Outre le centre-ville où se concentrent la majorité des services administratifs et sanitaires de l’île, le Caribus desservira plusieurs quartiers prioritaires de la politique de la ville, en particulier Kawéni, réputé pour abriter le plus grand bidonville de France. La configuration de ce site a conduit à y séparer l’infrastructure routière en deux. A côté de Kawéni, le BHNS s’arrêtera dans la zone d’activités la plus importante de Mayotte. La jeunesse de l’île bénéficiera des arrêts dans la zone des collèges, avec ses trois établissements de 3500 élèves chacun.

Au chapitre des compensations environnementales, l’opération la plus remarquable concerne la restauration écologique de la seule mangrove privée de France, menacée par des activités clandestines et des destructions.

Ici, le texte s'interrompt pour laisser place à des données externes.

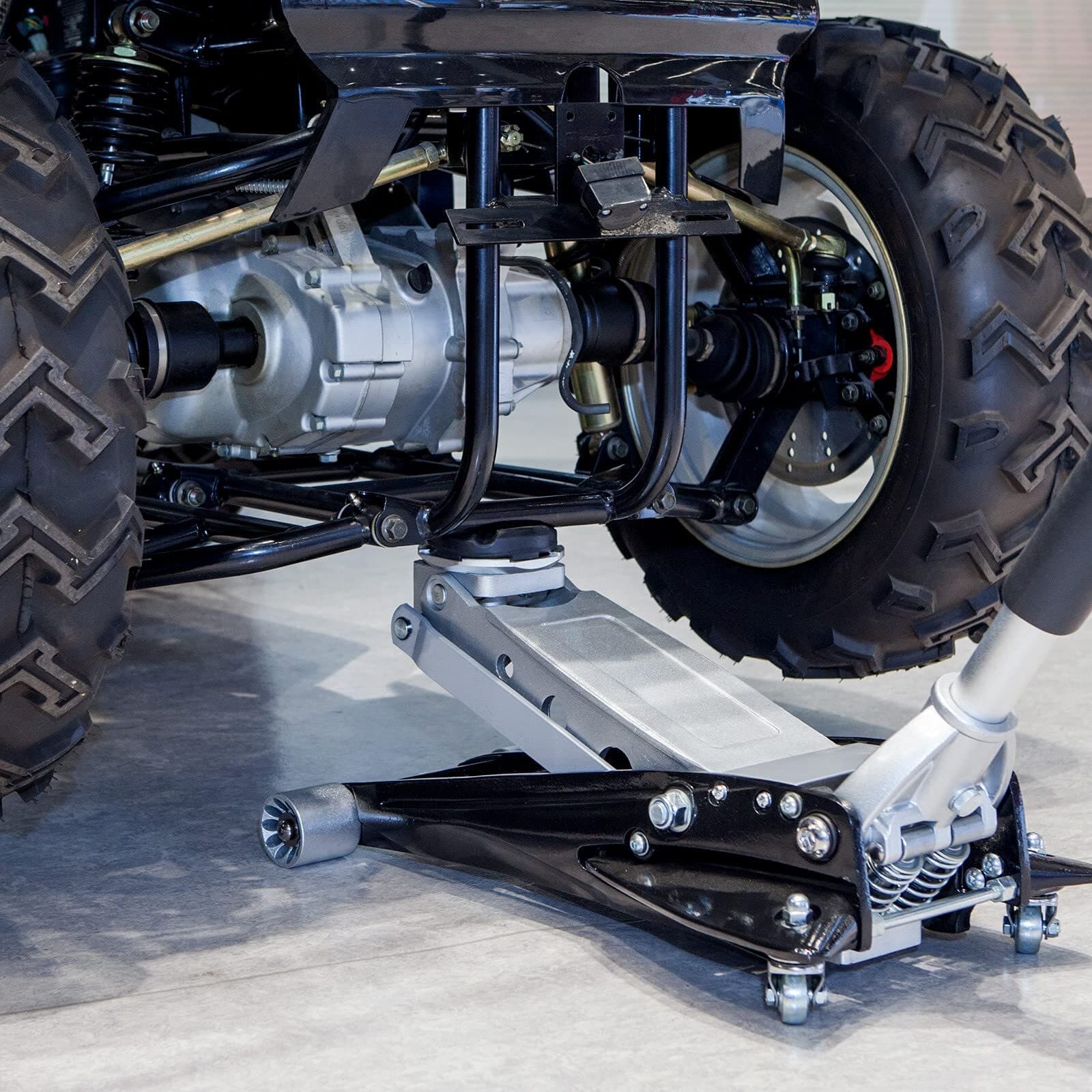 	BIG RED Torin Floor Jack Rubber Pad Universal Large Jack Adapter Black	 5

L’acquisition d’une partie des emprises par le Conservatoire du littoral devrait rendre possible la préservation du site, son entretien et la mise en œuvre d’une stratégie de résistance aux submersions.

Le banian, arbre à palabres

Les concertations précédant les chantiers se sont adaptées à la culture locale. « Les foules se rassemblent sous le banian, l’arbre à palabres local », évoque Alfred Peter. « Le maître d’ouvrage s’est souvent appuyé sur les imams, comme relais d’information pour annoncer les réunions publiques après les prières », ajoute Jean-François Bergeal. Le directeur de projets de Transamo témoigne de la très forte attente des populations.

Le changement climatique jette toutefois une ombre au tableau : à 1,50 m d’altitude, le quartier de Kawéni entrera en zone à risque après 2050. La Cadema attend pour la fin de cette année les résultats d’une étude de résilience climatique, cofinancée par l'Agence française de développement.